A nonprofit organization’s success is measured in its productivity. Nonprofits that drag feet and fail to produce tangible results towards fulfilling their mission may struggle to fund their operations. There ways to improve productivity within a nonprofit, however, including the following.
Multitasking may sound like an efficient way to complete tasks, but it usually backfires by lowering workers’ productivity levels. According to The New York Times, the brain is biologically wired to focus on a single task. When a nonprofit worker attempts to perform multiple tasks simultaneously, his or her concentration, memory retention and other cognitive skill markers plunge. To promote a productive working environment, nonprofit workers should avoid multitasking and, instead, focus on a single task at once.
Even if state laws don’t require it, nonprofit workers should be given regular breaks. Fatigue is one of the leading causes of low productivity in the workplace. According to Safety+Health Magazine, fatigued workers cost the business for whom they work nearly $2,000 in lost productivity. If a nonprofit has five fatigued workers, that’s $10,000 in lost productivity. While this report focuses on for-profit businesses, worker fatigue affects nonprofits in the same way.
It’s not uncommon for nonprofit owners and executives to juggle a half-dozen or more tasks each day. An executive director, for instance, may recruit workers, manage fundraising campaigns, reach out to local communities and ensure regulatory compliance. Rather than selecting a random task, though, nonprofit owners and executive should start with the most important first, after which they work on the second-most important task. Prioritizing tasks improves productivity by making the most of workers’ time.

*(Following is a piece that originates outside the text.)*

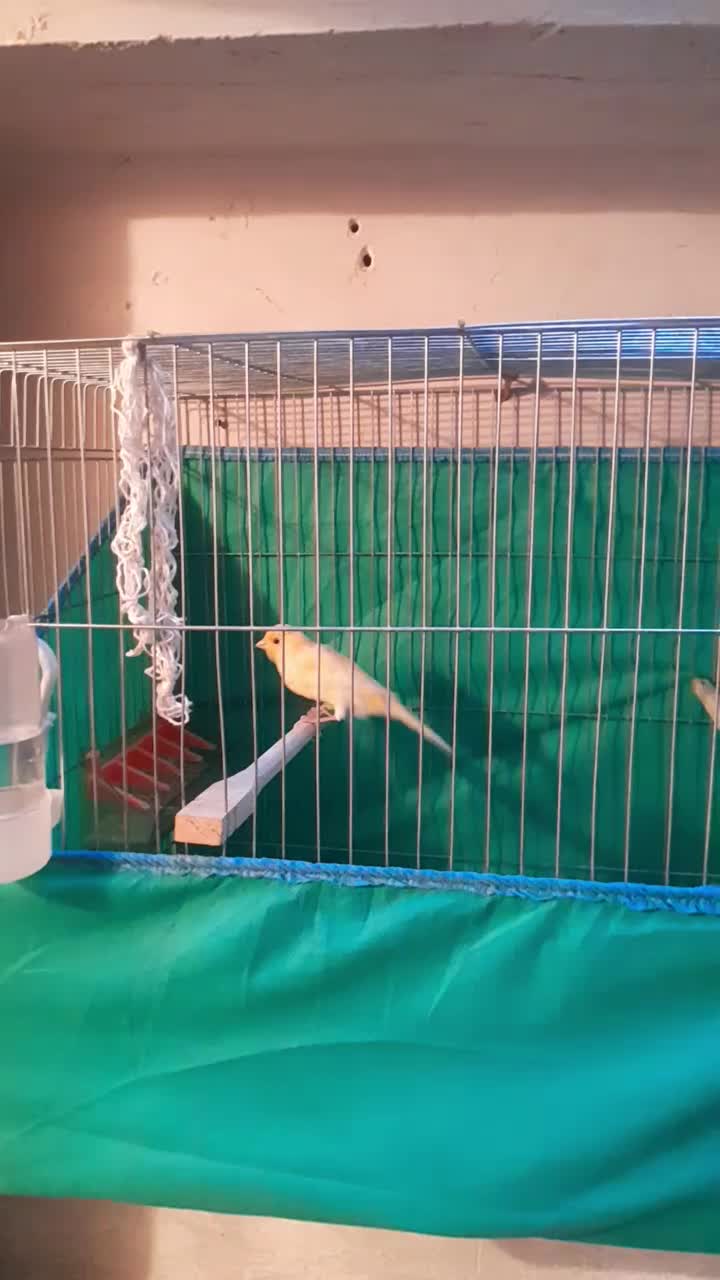 قناری|پرنده|همدان, |دیوار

Focus on Mission Statement
Nonprofits should invest the majority of their time and resources towards achieving their mission statement. After all, this is the fundamental purpose for which nonprofits are created. Organizations that divert valuable resources away from their mission statement will experience lower productivity levels and less success than their counterparts.

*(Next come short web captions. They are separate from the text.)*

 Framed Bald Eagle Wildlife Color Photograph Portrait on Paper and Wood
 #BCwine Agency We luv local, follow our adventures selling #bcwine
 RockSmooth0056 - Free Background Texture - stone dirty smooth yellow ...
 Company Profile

There’s no guarantee of success when running a nonprofit. Like for-profit businesses, some nonprofits will close their doors. However, owners and executives can increase their organization’s chances of success by fostering a productive working environment. From prioritizing tasks and not multitasking to allowing breaks and focusing on the mission statement, there are several ways for nonprofits to improve their productivity levels.